I found many topics said that pinned memory can help improve the training speed a lot. But when I used pinned memory, it has not any speedup.Following is my code.
1, Make the DataLoader return batches placed in pinned memory by passing pin_memory=True to its constructor.
data_loader = torch.utils.data.DataLoader(
dataset,
batch_size=self.opt.batchSize, #batchSize is 6.
shuffle=bool(self.opt.shuffle_data),
num_workers=int(self.opt.nThreads), pin_memory=True)
2, Use pin_memory() method and pass an additional async=True argument to a cuda() call.

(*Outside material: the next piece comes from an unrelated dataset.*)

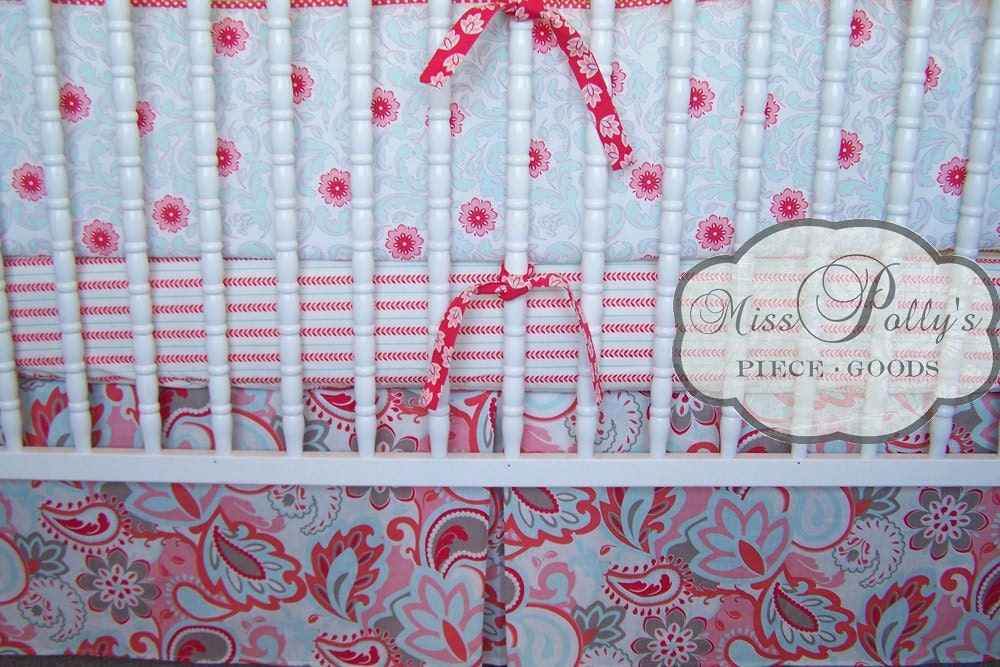 Custom Baby Crib Bedding- Design Your Own- Verona in Rouge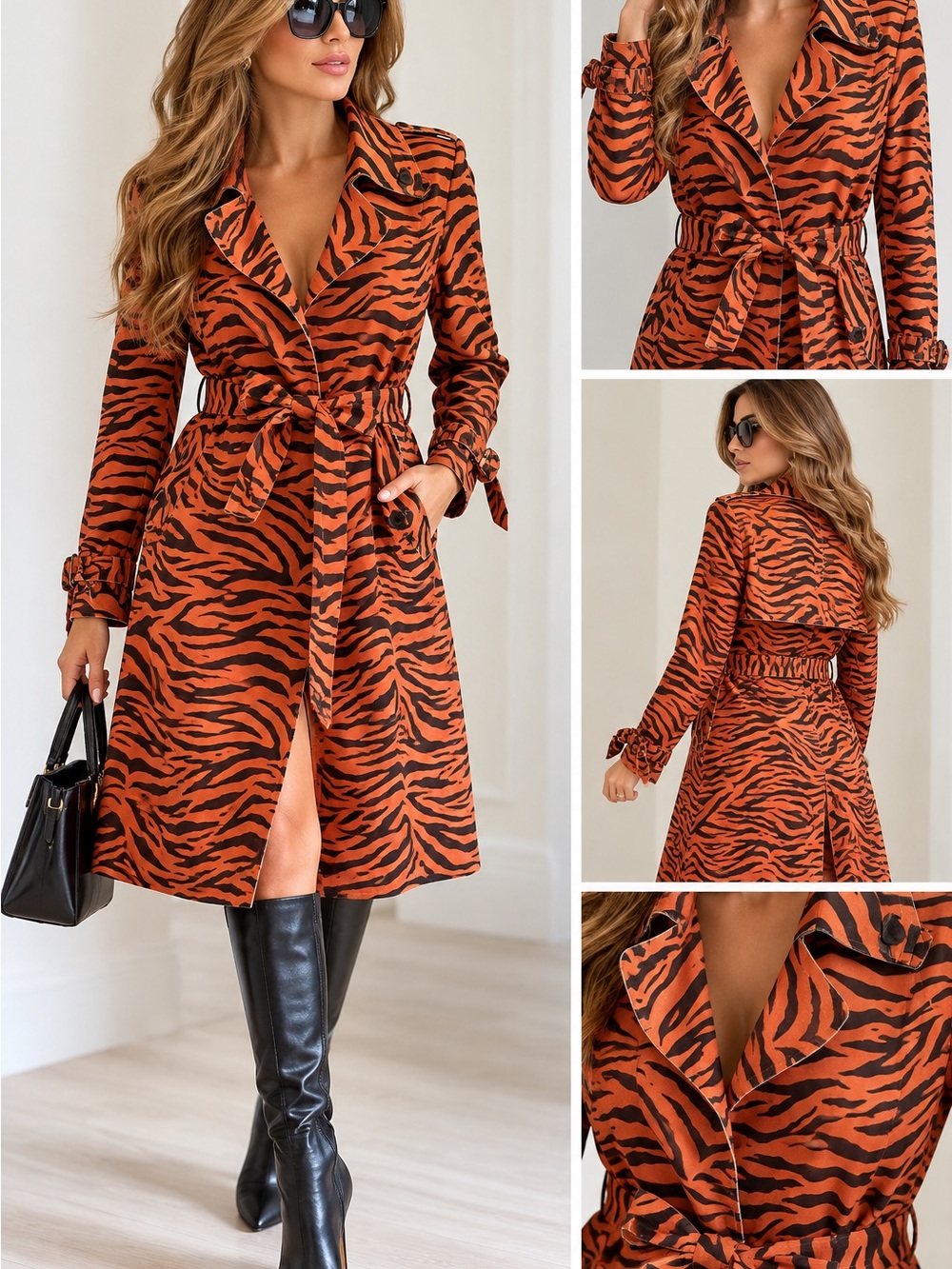 Tiger-Print Belted Trench Coat in Orange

data is torch.FloatTensor, come from DataLoader
#self.input_A and self.input_B are torch.cuda.FloatTensor
input_A = torch.Tensor.pin_memory(data)
input_B = torch.Tensor.pin_memory(data)
self.input_A.resize_(input_A.size()).copy_(input_A, async=True)
self.input_B.resize_(input_B.size()).copy_(input_B, async=True)
self.real_A = Variable(self.input_A)
self.fake_B = self.netG.forward(self.real_A)
self.real_B = Variable(self.input_B)
--------start training D and G network-------------
Is my code wrong? Does anyone has any ideas or give me a example to show how to use pinned memory?, thanks a lot.